また「世界初のインスタントラーメン」とされる「チキンラーメン」が発売されたのが、1958年8月。ここから即席麺の歴史が始まり、現在の市場規模は42万tと乾麺の2倍以上に成長しました。そして以前は存在しなかったパスタ市場も、現在は28万トンとなり、その半分は輸入品で、その多くはイタリア・トルコといったEU圏から輸入されています。重要なことは、日EU・EPAの発効に伴い、従来パスタに課税されていた30円/kgの関税は、今後段階的に撤廃されることです。結果、今後パスタの輸入量は更に増え、低価格化が進むと予想されます。よってこれらがカウンターパートである乾麺に影響を及ぼすことは必至であり、乾麺を取り巻く環境は今後一層厳しくなることが予想されます。
ただ一方で明るいニュースもあります。世の中がグローバル化し、ボーダレス化するに伴い、乾麺の海外輸出も始まり、現在その動きは加速されつつあります。パスタがEU圏から輸入されるのと同様に、うどんやそうめんといった乾麺がEUに向かって輸出されています。
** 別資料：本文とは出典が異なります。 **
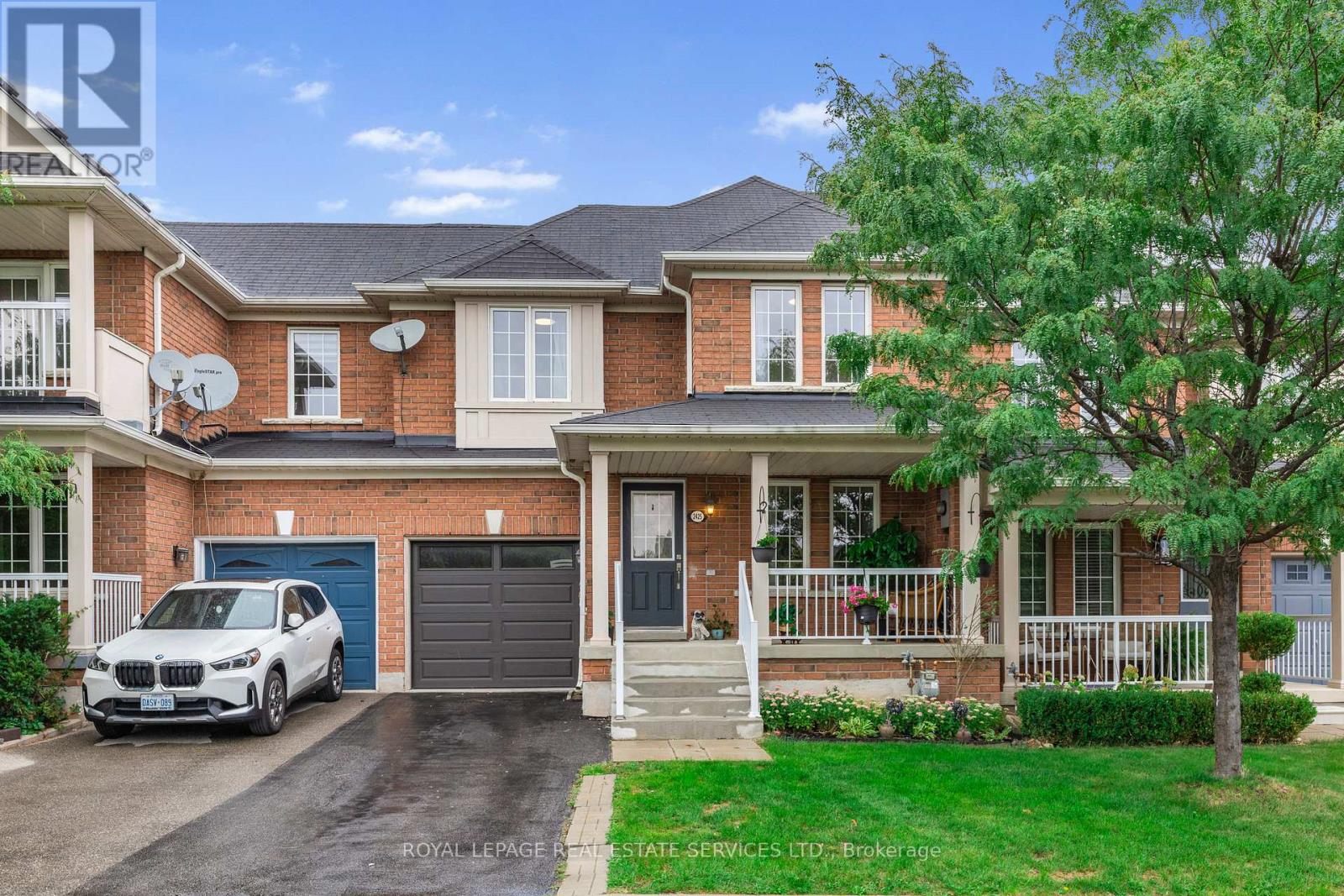 2425 Postmaster Dr, Oakville, ON L6M 0J2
つまり世界がフラット化するにつれ、世界中のいたるところで何でも手に入るようになりした。
EUやアメリカには、「麺をすする文化」がないので、ラーメンは普及しないだろと一部では思われていましたが、今はブレーク真っ只中です。県内のある問屋さんは、いまや売上の70%が輸出用のラーメンやうどんの関連商品です。今後は商品そのものの魅力が、市場の将来を決定することになります。日本の乾麺から世界の乾麺になるために、一層の品質向上が不可欠となります。